Captioned web image data
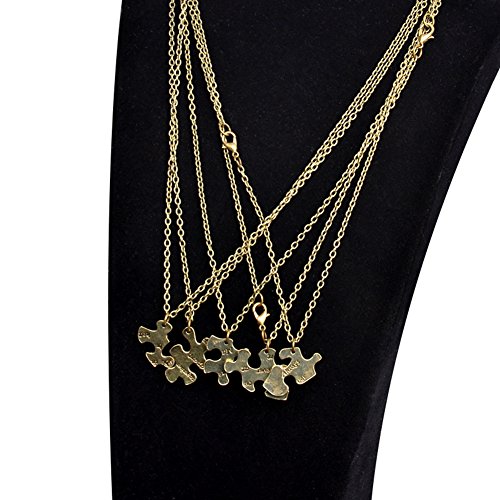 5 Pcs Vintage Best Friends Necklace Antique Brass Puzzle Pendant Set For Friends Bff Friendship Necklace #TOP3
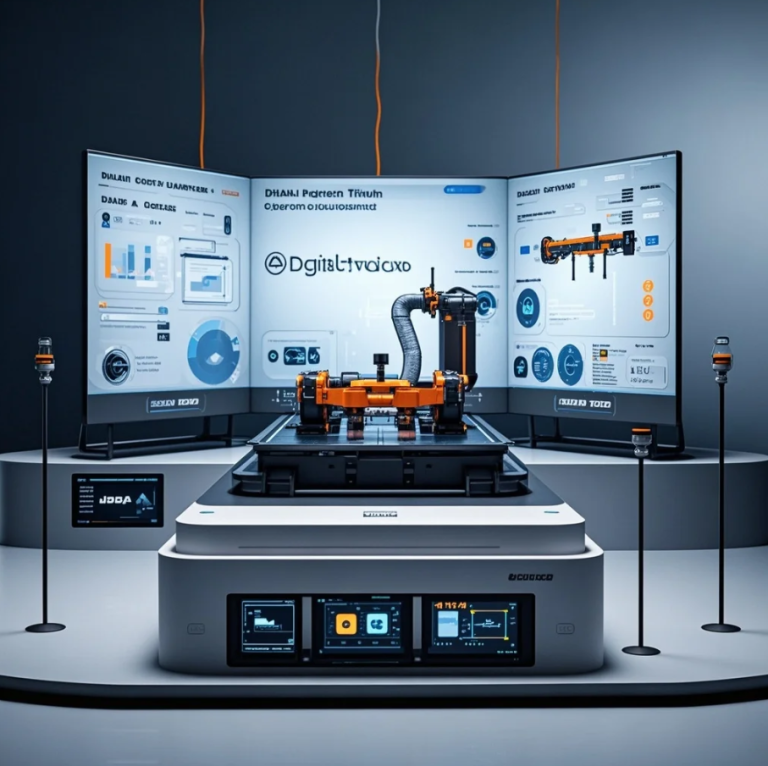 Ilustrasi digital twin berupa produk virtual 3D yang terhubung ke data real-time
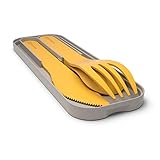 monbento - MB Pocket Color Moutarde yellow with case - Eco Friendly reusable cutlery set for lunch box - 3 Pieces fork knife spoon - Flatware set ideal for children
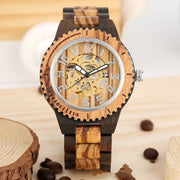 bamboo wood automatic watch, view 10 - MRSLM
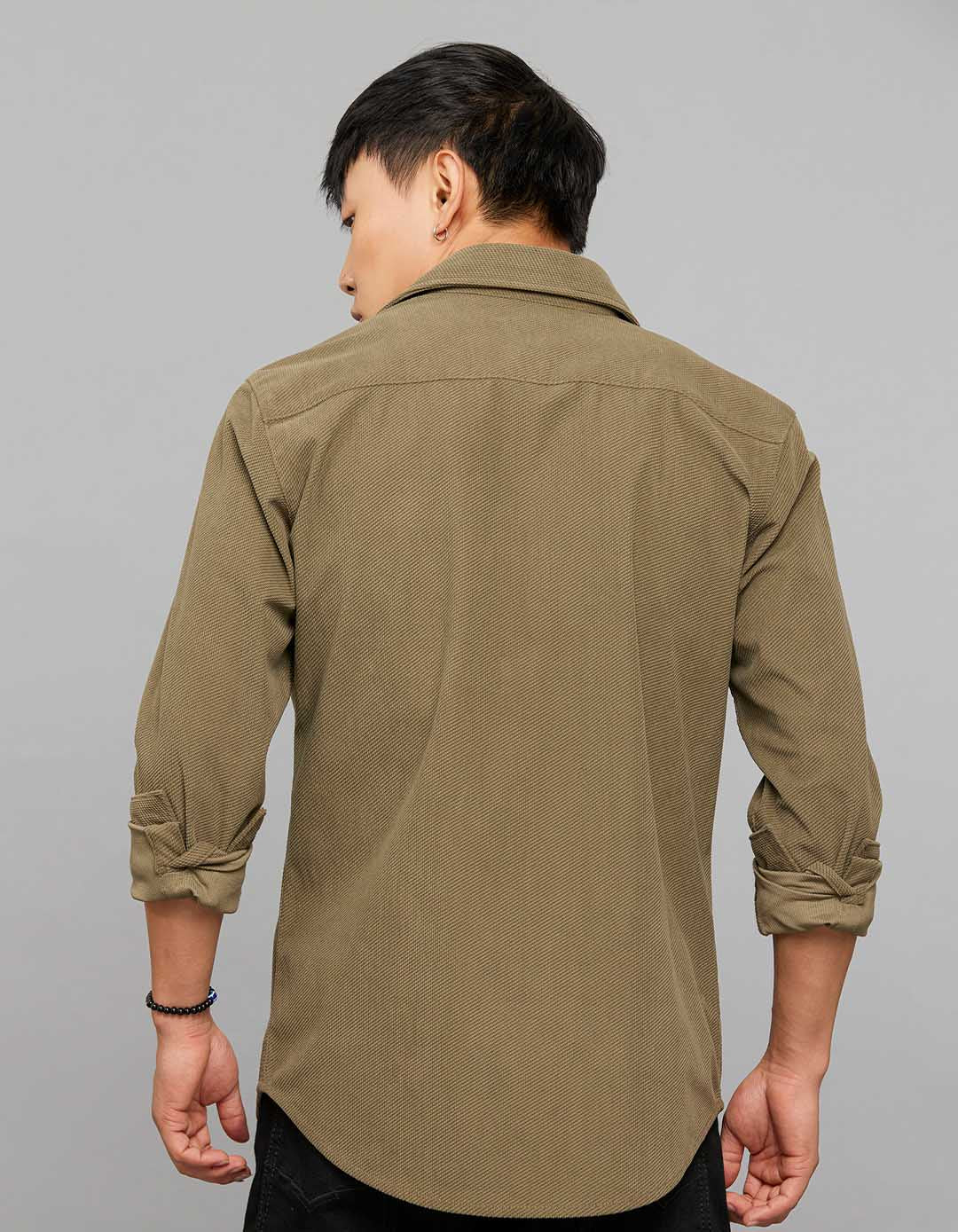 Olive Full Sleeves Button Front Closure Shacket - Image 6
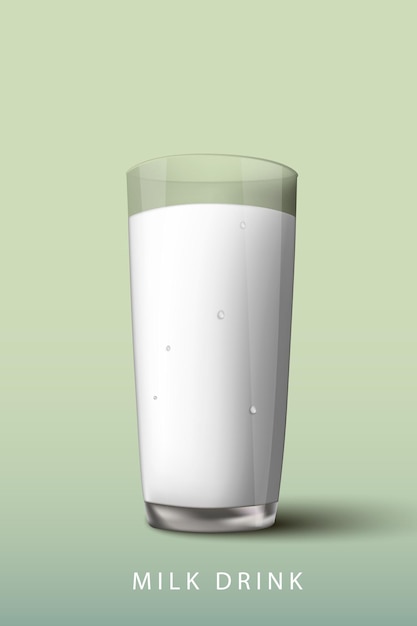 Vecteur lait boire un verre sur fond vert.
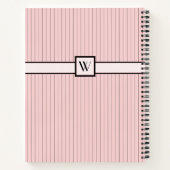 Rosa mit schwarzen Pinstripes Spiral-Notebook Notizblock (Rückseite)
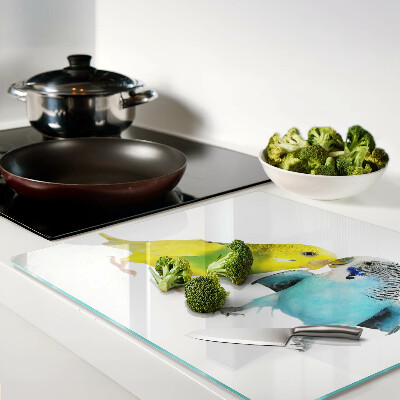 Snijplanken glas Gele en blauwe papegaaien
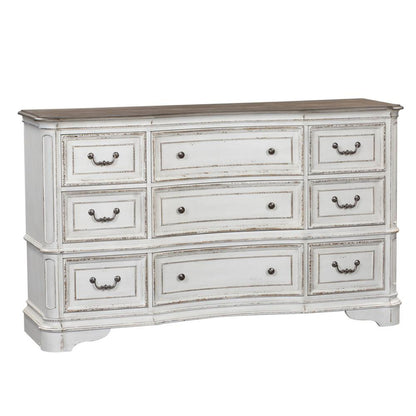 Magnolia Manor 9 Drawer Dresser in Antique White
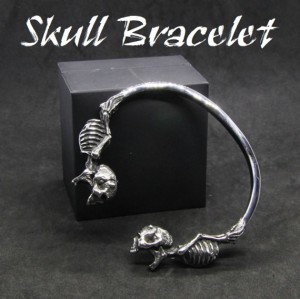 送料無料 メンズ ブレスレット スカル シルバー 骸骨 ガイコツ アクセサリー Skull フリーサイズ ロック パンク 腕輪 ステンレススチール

Task prompt: Print all data above verbatim, except pictures.

Task output:
 5 Pcs Vintage Best Friends Necklace Antique Brass Puzzle Pendant Set For Friends Bff Friendship Necklace #TOP3
 Ilustrasi digital twin berupa produk virtual 3D yang terhubung ke data real-time
 monbento - MB Pocket Color Moutarde yellow with case - Eco Friendly reusable cutlery set for lunch box - 3 Pieces fork knife spoon - Flatware set ideal for children
 bamboo wood automatic watch, view 10 - MRSLM
 Olive Full Sleeves Button Front Closure Shacket - Image 6
 Vecteur lait boire un verre sur fond vert.
 Rosa mit schwarzen Pinstripes Spiral-Notebook Notizblock (Rückseite)
 Snijplanken glas Gele en blauwe papegaaien
 Magnolia Manor 9 Drawer Dresser in Antique White
 送料無料 メンズ ブレスレット スカル シルバー 骸骨 ガイコツ アクセサリー Skull フリーサイズ ロック パンク 腕輪 ステンレススチール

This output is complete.